First we have to commit all our files to our local git repository. If you don't have a Git tab in RStudio, go to Tools -> Version Control -> Project Setup and choose Git. This will restart RStudio. Then, go to the Git tab, check all files and folders, click commit, add a commit message (eg "my first version of my first R package") and commit.
We will now make our package publicly available on GitHub. If we want others to see and use our work we have to make this repository public.
- Go to
github.com
and click on your username (should be on the top right). - Choose Repositories -> New
- The repository name is gameday. You can leave Description empty. Choose Public and do NOT initialize with a README.
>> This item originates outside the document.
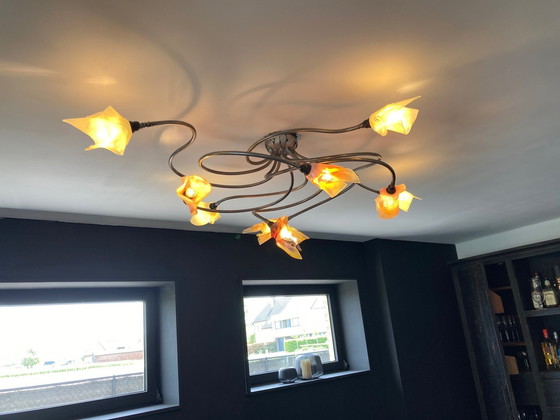 Image 1 of Walter Duportail Lampe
- Copy the address of the repository. For me this is
https://github.com/daattali/gameday
.
We have to tell RStudio where to put the files of our new package. For this, we have to briefly default back to the Shell:
git remote add origin https://github.com/daattali/gameday
.
(or in SourceTree Repository -> Repository Settings -> Remotes -> Add)
After you commit and push the contents of the package (repository), it is now freely available to the public on Github.
It gets better: You can actually install your package from GitHub directly:
install_github("daattali/gameday")
We all feel that we should be testing our code. In fact, most of us are, but not in an effective and efficient way:
It's not that we don't test our code, it's that we don't store our tests so they can be re-run automatically. (Hadley Wickham)
We are used to inspecting our code interactively and smell-test our data. Formal testing, however, is regarded as very advanced and "not worth it" for the daily work. Turns out, a simple test suit like testthat
doesn't only make testing very easy, but will also make you spend less time fixing bugs and more time writing code.
We will use testthat
to add tests to our package. It's syntax is designed to be very close to english:
# save as test_me.R
test_that("case is ignored", {
expect_equal(gday("canucks"), gday("CANUCKS"))
})
- Save the script above as
test_me.R
. - The first argument is a string that explains what we are testing for. It completes the sentence "Test that..."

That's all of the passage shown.